WHAT IS BEING ASKED – Starting with the line that contains "Grand Totem vert" and stopping after the line that contains "Kiton Knitwear BLACK", return each line below exactly as written, with no others.

Collection entries:
**********

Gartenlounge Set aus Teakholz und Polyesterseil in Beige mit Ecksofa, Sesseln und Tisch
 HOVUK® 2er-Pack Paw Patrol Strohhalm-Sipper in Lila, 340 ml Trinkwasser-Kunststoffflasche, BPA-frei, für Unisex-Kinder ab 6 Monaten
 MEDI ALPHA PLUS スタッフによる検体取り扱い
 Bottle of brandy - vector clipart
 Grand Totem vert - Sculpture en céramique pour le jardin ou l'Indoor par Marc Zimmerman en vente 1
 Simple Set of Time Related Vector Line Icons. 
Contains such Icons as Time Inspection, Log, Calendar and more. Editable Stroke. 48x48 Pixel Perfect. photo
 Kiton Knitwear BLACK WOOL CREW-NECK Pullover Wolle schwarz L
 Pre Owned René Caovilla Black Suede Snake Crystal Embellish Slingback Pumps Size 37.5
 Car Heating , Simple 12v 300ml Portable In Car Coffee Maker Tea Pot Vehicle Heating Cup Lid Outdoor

**********

RESPONSE AREA –
 Grand Totem vert - Sculpture en céramique pour le jardin ou l'Indoor par Marc Zimmerman en vente 1
 Simple Set of Time Related Vector Line Icons. 
Contains such Icons as Time Inspection, Log, Calendar and more. Editable Stroke. 48x48 Pixel Perfect. photo
 Kiton Knitwear BLACK WOOL CREW-NECK Pullover Wolle schwarz L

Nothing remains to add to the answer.